* **Data**
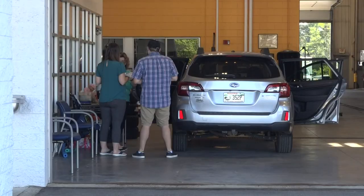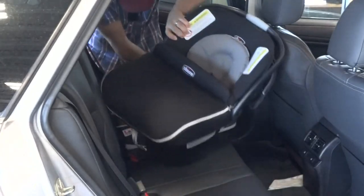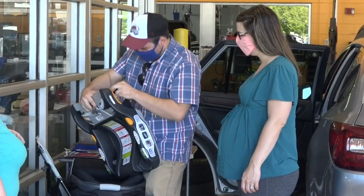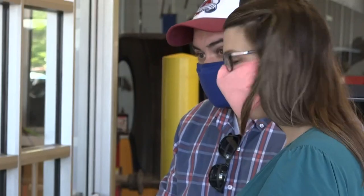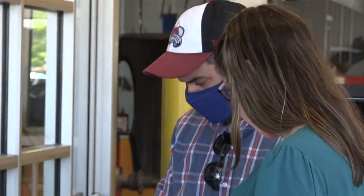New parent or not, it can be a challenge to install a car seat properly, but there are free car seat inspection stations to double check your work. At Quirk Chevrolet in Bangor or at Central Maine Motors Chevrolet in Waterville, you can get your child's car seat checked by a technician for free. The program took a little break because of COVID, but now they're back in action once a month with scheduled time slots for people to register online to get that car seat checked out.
...
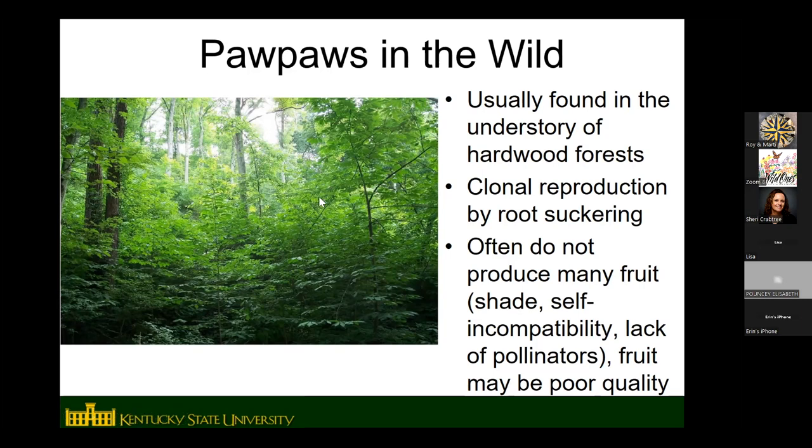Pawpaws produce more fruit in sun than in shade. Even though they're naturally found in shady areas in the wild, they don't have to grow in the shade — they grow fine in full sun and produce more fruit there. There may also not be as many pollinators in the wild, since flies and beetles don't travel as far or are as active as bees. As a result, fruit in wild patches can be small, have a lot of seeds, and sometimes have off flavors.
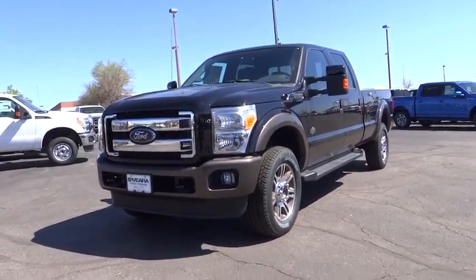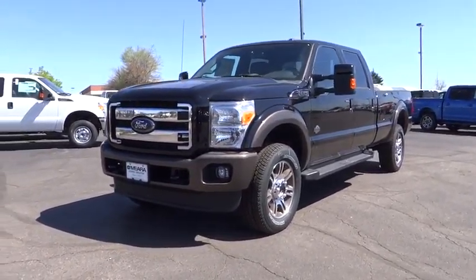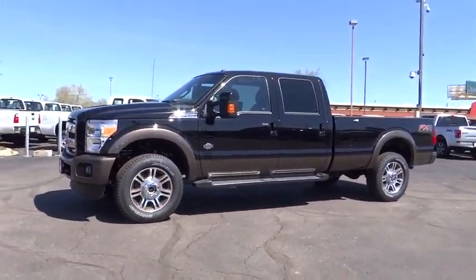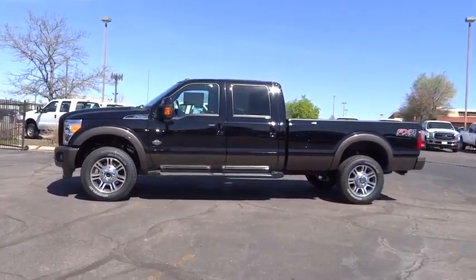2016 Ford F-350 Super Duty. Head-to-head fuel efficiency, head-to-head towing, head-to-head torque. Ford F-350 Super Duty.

* **What this task involves**
From the records above, write out exactly the lines that begin at the line with "Pawpaws produce more" and end at the line with "2016 Ford F-350". Pictures must not appear in the output.

* **Response below**
Pawpaws produce more fruit in sun than in shade. Even though they're naturally found in shady areas in the wild, they don't have to grow in the shade — they grow fine in full sun and produce more fruit there. There may also not be as many pollinators in the wild, since flies and beetles don't travel as far or are as active as bees. As a result, fruit in wild patches can be small, have a lot of seeds, and sometimes have off flavors.
2016 Ford F-350 Super Duty. Head-to-head fuel efficiency, head-to-head towing, head-to-head torque. Ford F-350 Super Duty.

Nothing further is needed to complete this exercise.